Blob Blame History Raw
From: James Smart <jsmart2021@gmail.com>
Date: Tue, 23 Oct 2018 13:41:08 -0700
Subject: [PATCH] scsi: lpfc: Fix odd recovery in duplicate FLOGIs in
 point-to-point
Git-commit: d496b9a7246cb9813da1fe49e14edbbbf8e232d5
Patch-mainline: v5.0-rc1
References: bsc#1114015

Testing a point-to-point topology and a case of re-FLOGI without
intervening link bouncing, showed an odd interaction with firmware and
a resulting scenario where the driver no longer probed after accepting
the new FLOGI.

Work around the firmware issue by issuing a link bounce if a FLOGI is
received after the link is already up and FLOGI's accepted.

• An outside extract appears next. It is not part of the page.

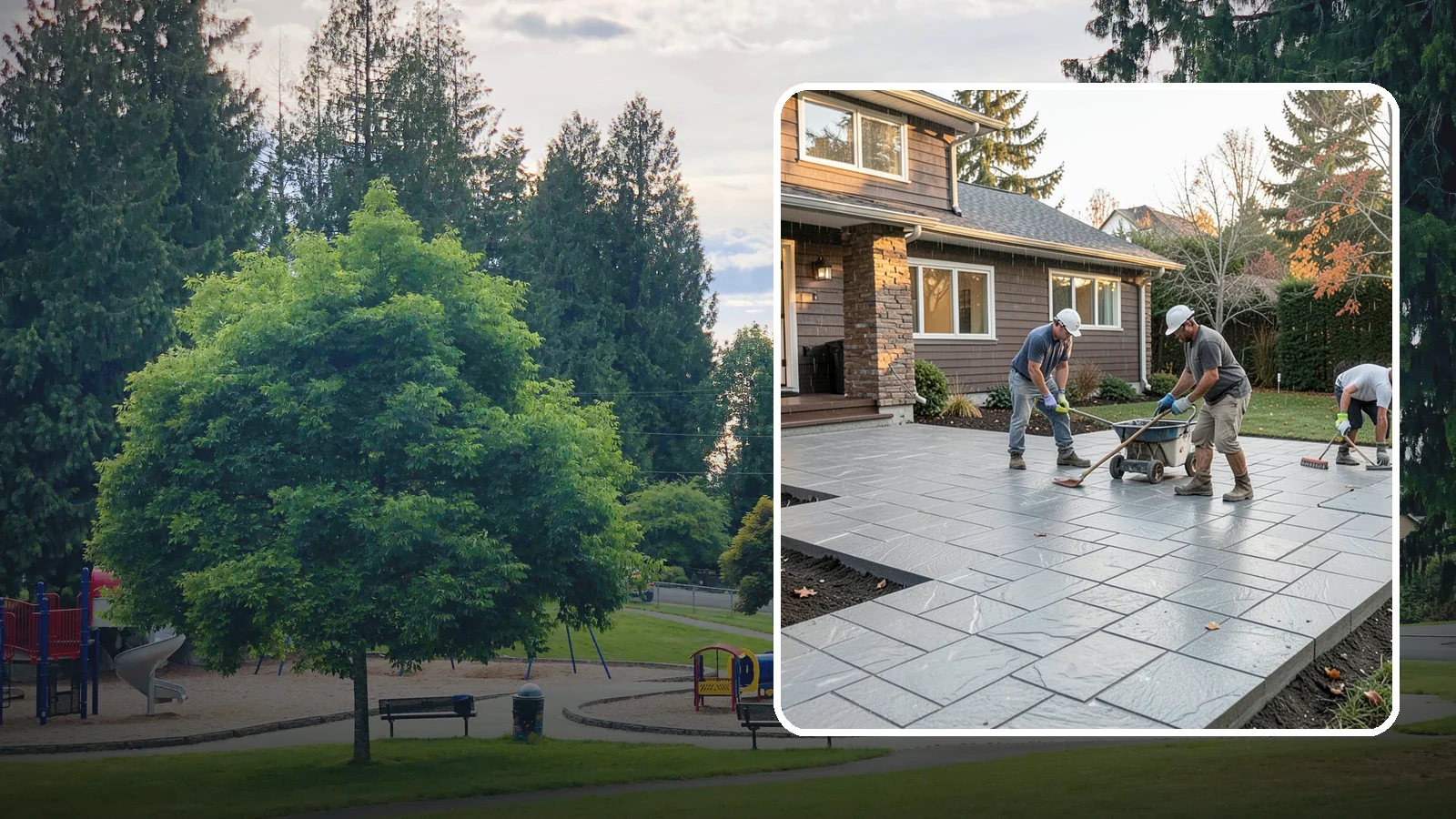 Stamped Concrete Installation in Bonney Lake, Pierce County, WA - Decorative stamped concrete that mimics stone, brick, or slate while standing up to Northwest weather.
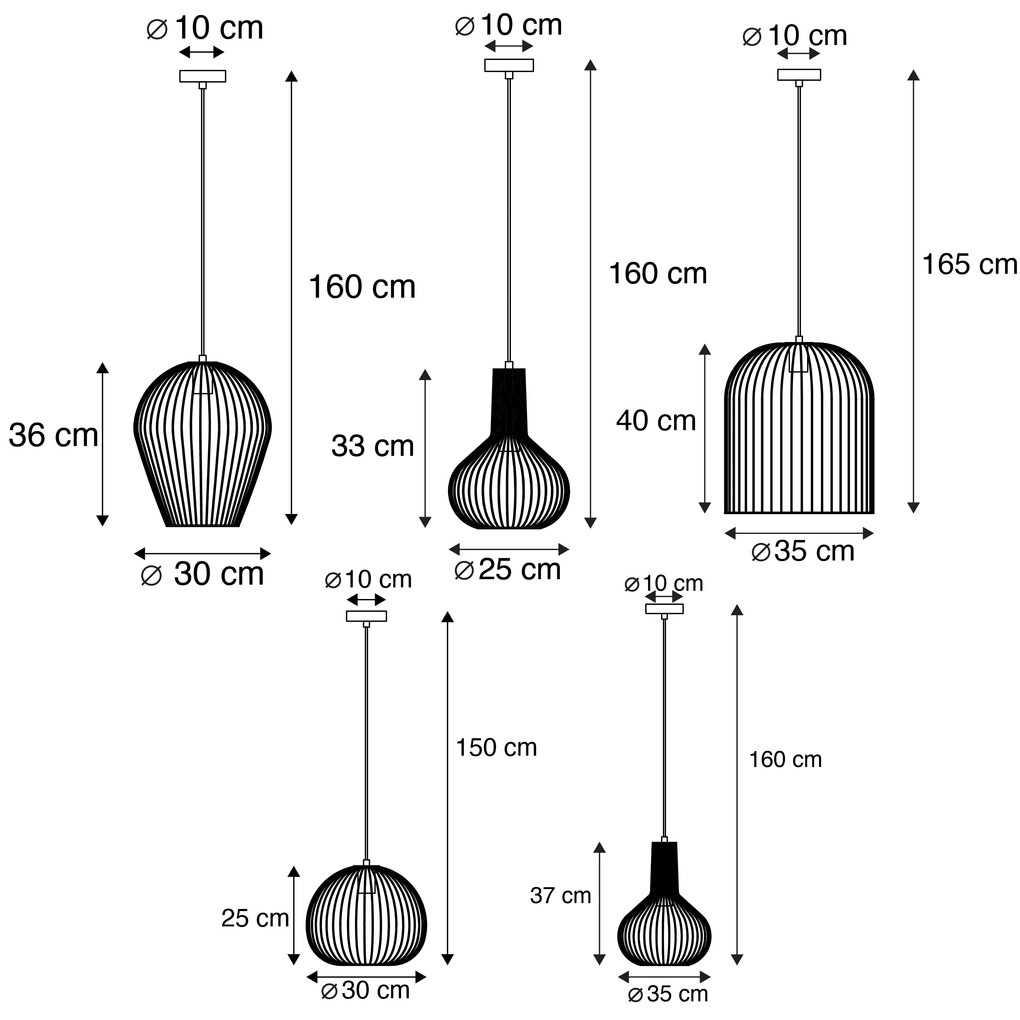 Conjunto de 5 candeeiros de suspensão design preto e dourado - Wires Design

While debugging the issue, realized that some debug traces should be
clarified to help in the future.

Signed-off-by: Dick Kennedy <dick.kennedy@broadcom.com>
Signed-off-by: James Smart <jsmart2021@gmail.com>
Reviewed-by: Hannes Reinecke <hare@suse.com>
Signed-off-by: Martin K. Petersen <martin.petersen@oracle.com>
Acked-by: Hannes Reinecke <hare@suse.com>
---
 drivers/scsi/lpfc/lpfc.h         |  1 +
 drivers/scsi/lpfc/lpfc_els.c     | 66 ++++++++++++++++++++++++++++++++--------
 drivers/scsi/lpfc/lpfc_hbadisc.c |  9 ++++++
 3 files changed, 64 insertions(+), 12 deletions(-)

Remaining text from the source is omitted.